Write out only the lines from the top of the listing below through the one with "AIR COMPRESSORS | Wilsons Industrial", exactly as they stand, while keeping pictures out of the copy.

---------- RECORDED DATA

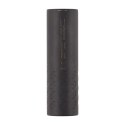 Tłumik z hamulcem do broni BK Precise DEAF45 .30" QD Taplock 3GUN MB 5/8x24 czarny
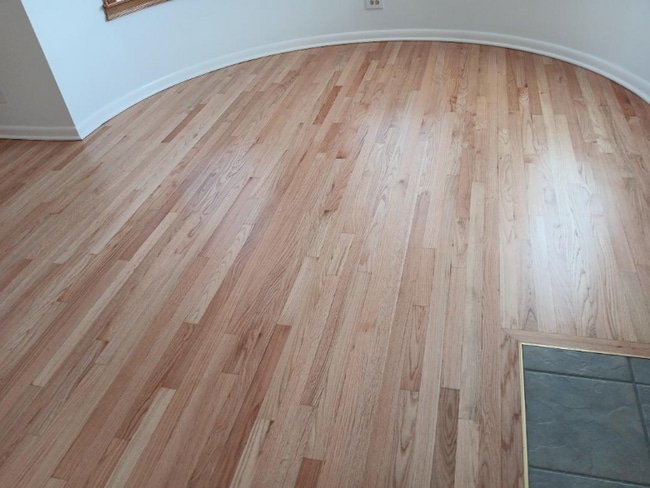 Photo - 5536 Michigan Ave Unidad 2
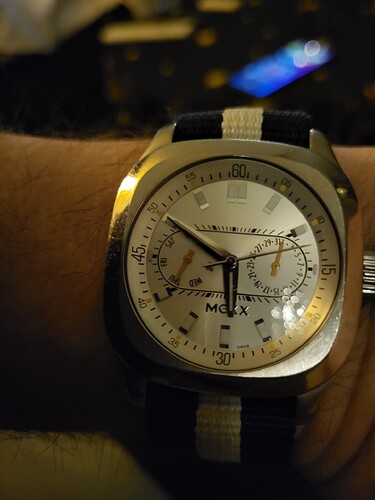 17672429882533419408278029603247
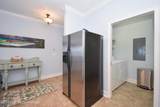 90 Crowne Pointe Rd Unit 306 - Photo 31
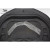 2016-2023 Chevrolet Camaro ZL1 Look Hood - 1 Piece - image 6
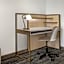 TownePlace Suites by Marriott Findlay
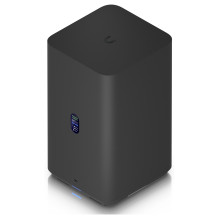 Ubiquiti UNAS 2 Ubiquiti UNAS 2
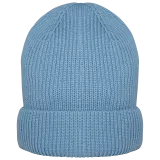 Cool Blue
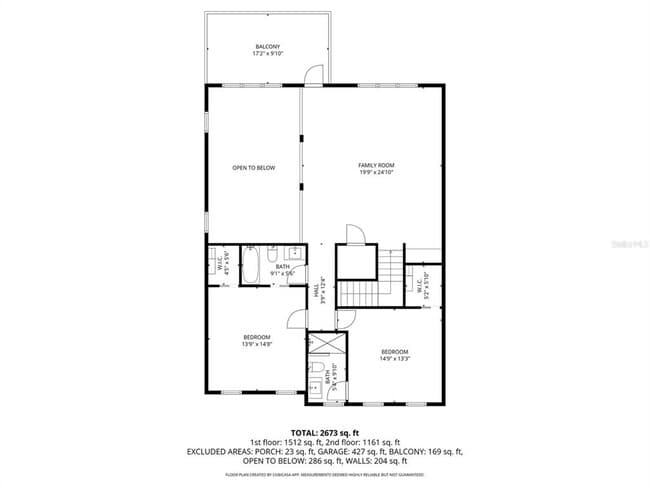 Photo - 2475 Bay St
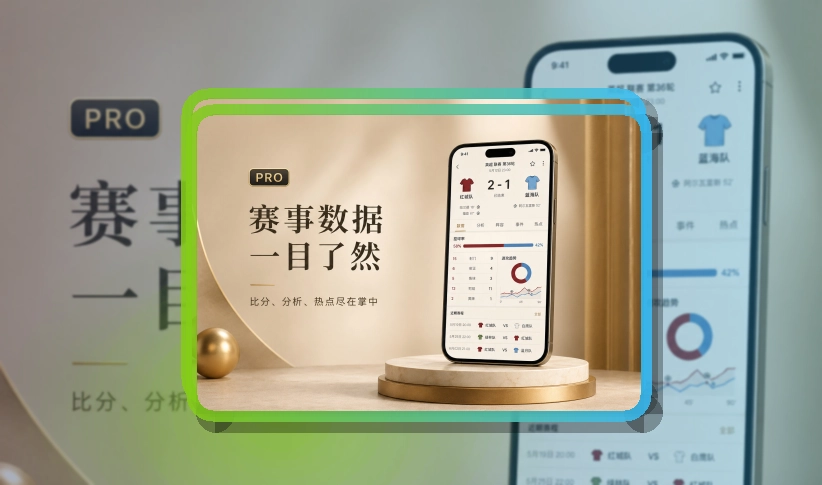 乐鱼APP下载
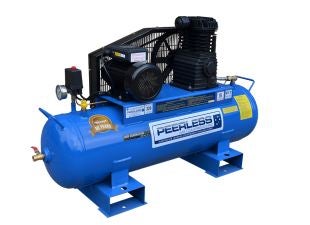 AIR COMPRESSORS | Wilsons Industrial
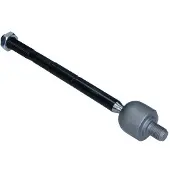 QUARO QS1030/HQ Binnenste stuurkogel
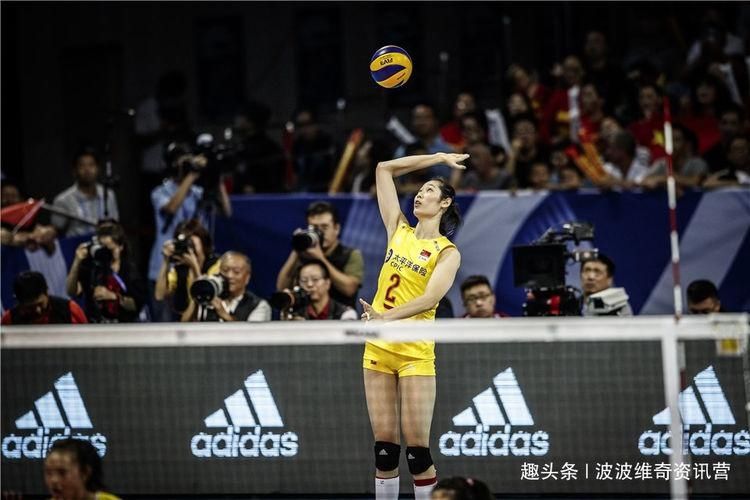  亚洲|郎平最后一赛不打了！亚洲赛事调整影响大，天津女排错过主场卫冕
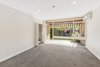 50/24 Malvern Road, Miranda NSW 2228  - Photo 1
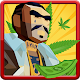 Weed War Clicker - Clicker game دانلود در ویندوز
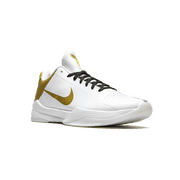 NIKE MENS Kobe 5 Protro Big Stage/Parade CT8014 100 CT8014 100 from Stadium Goods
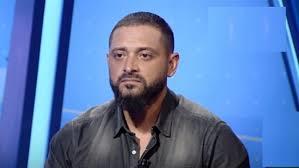 وليد عبداللطيف: الزمالك يحتاج لمدرب أجنبي .. والكونفدرالية صعبة هذا الموسم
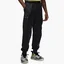 Штани чоловічі Air Jordan 23E Stmt Black Dv1599-010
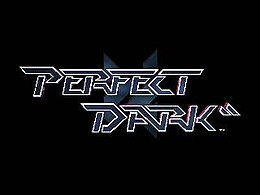 Perfect Dark Logo.jpg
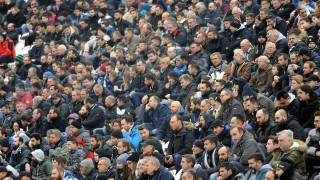 ΘΕΜΑ: Αργά     αλλά σταθερά       κερδίζουν τον κόσμο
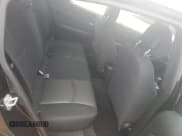 ✅ 2013 Dodge Avenger SE V6 • VIN: 1C3CDZAG3DN757330 • Лот: 44702205. Опубликован ранее на Copart с пробегом 55 214 миль. Бесплатный доступ к архиву аукционных продаж из США и подробный отчёт об истории автомобиля на DreamBid. Изображение 10.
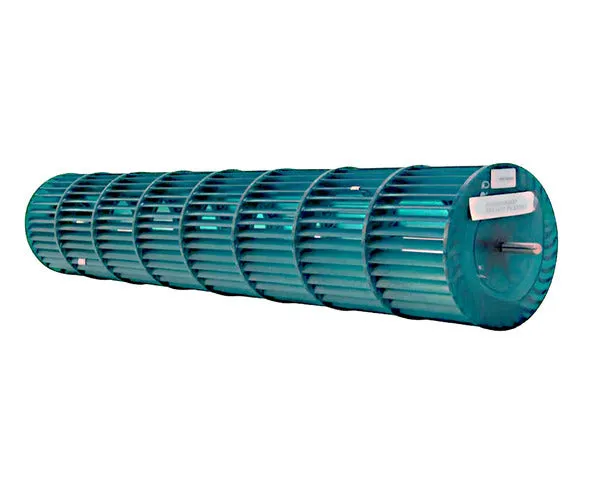 Dicore turbina u/in dicore 103001060037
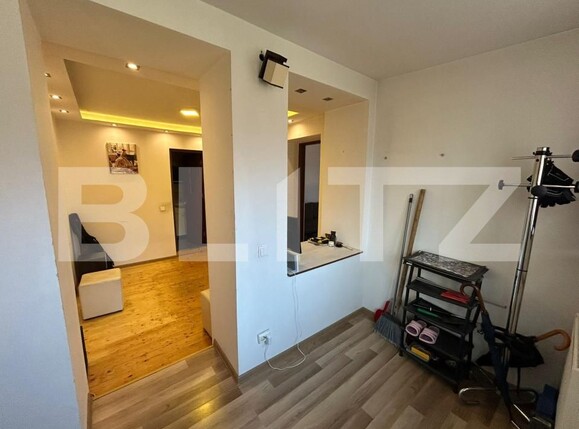 Apartament de vânzare 2 camere Centrul Istoric - 197870AV | BLITZ Brașov | Poza9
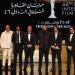 "هنو": مهرجان القاهرة السينمائى يعكس قوة مصر الناعمة وريادتها الفنية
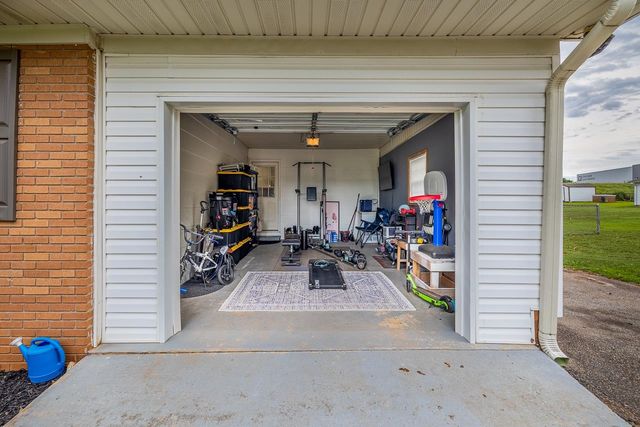 101 Huey Street, Boiling Springs, SC 29316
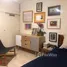 4 спален Квартира на продажу в STREET 12 # 39 290, Medellin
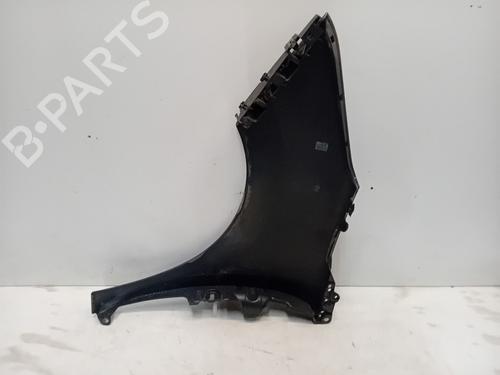 Right front fenders PEUGEOT 5008 (0U_, 0E_) 1.6 16V | BP22768358C42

--------------------

§ **RESPONSE AREA**:
 Tłumik z hamulcem do broni BK Precise DEAF45 .30" QD Taplock 3GUN MB 5/8x24 czarny
 Photo - 5536 Michigan Ave Unidad 2
 17672429882533419408278029603247
 90 Crowne Pointe Rd Unit 306 - Photo 31
 2016-2023 Chevrolet Camaro ZL1 Look Hood - 1 Piece - image 6
 TownePlace Suites by Marriott Findlay
 Ubiquiti UNAS 2 Ubiquiti UNAS 2
 Cool Blue
 Photo - 2475 Bay St
 乐鱼APP下载
 AIR COMPRESSORS | Wilsons Industrial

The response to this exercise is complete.